シラン (らん科)

「この花の名前知ってる?」「知らん」「シランを知らんの?」
こんな言葉遊びが懐かしいシラン(紫蘭)。ラン科シラン属の宿根草だとは知らなくても、この赤紫色の花は民家の門先や庭園でもよく見かける。ランの仲間では最もありふれ栽培もしやすい。

5〜6月、上水堤でも住宅地に接した辺りでよく目にするだけに、カメラを向けることがなかった。
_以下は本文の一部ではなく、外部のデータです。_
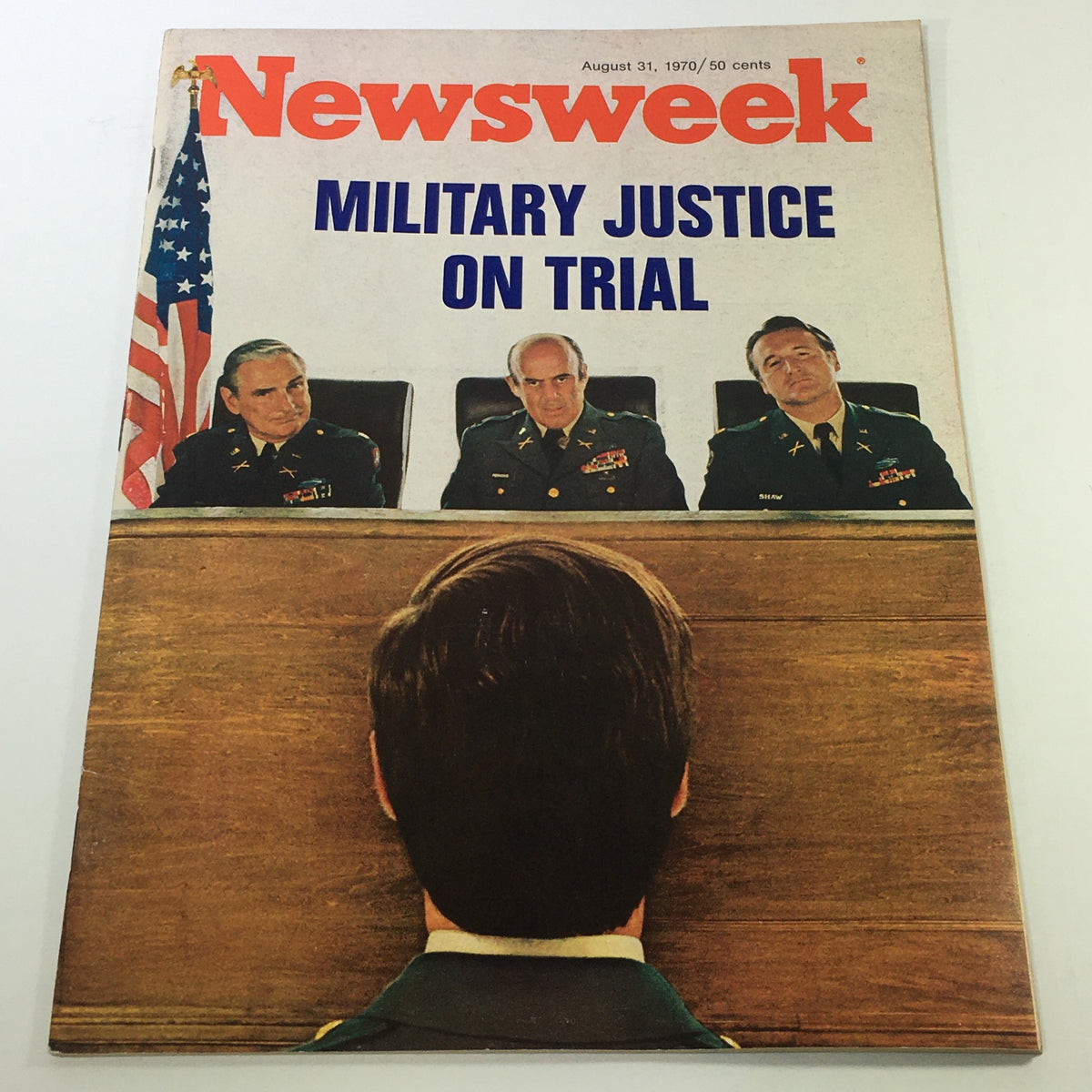 Cover of Newsweek Magazine from August 31, 1970, featuring the title 'Military Justice On Trial'. The image depicts three military officials seated at a trial with a focus on the back of a young man facing them. This vintage magazine captures historical discussions on military law during a pivotal time in U.S. history.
ある日、開花したばかりの初々しい花を撮ってみたら、唇弁の先が細かなフリル状になって、その繊細さ驚いた。

花はトキソウや大輪トキソウに似ているが、茎先が分岐して数個の花をつけるのが特徴。

元は日本、台湾、中国原産の地生ラン。草原の日向などに自生する野草でラン科にしては珍しく丈夫で、多肉で偏球形をしている地下茎の最頂部から茎を出して花をつけ、地下に新球茎を作って殖えていくので放置しておいても育つそうだ。

また、種子もラン科としては異例に発芽しやすく、普通に鉢に播くだけで苗を得られる場合がある。

だが、野生のものは準絶滅危惧種で、栽培種と交配している例も多く、本来の自生種かどうか…危うくなっているとのこと。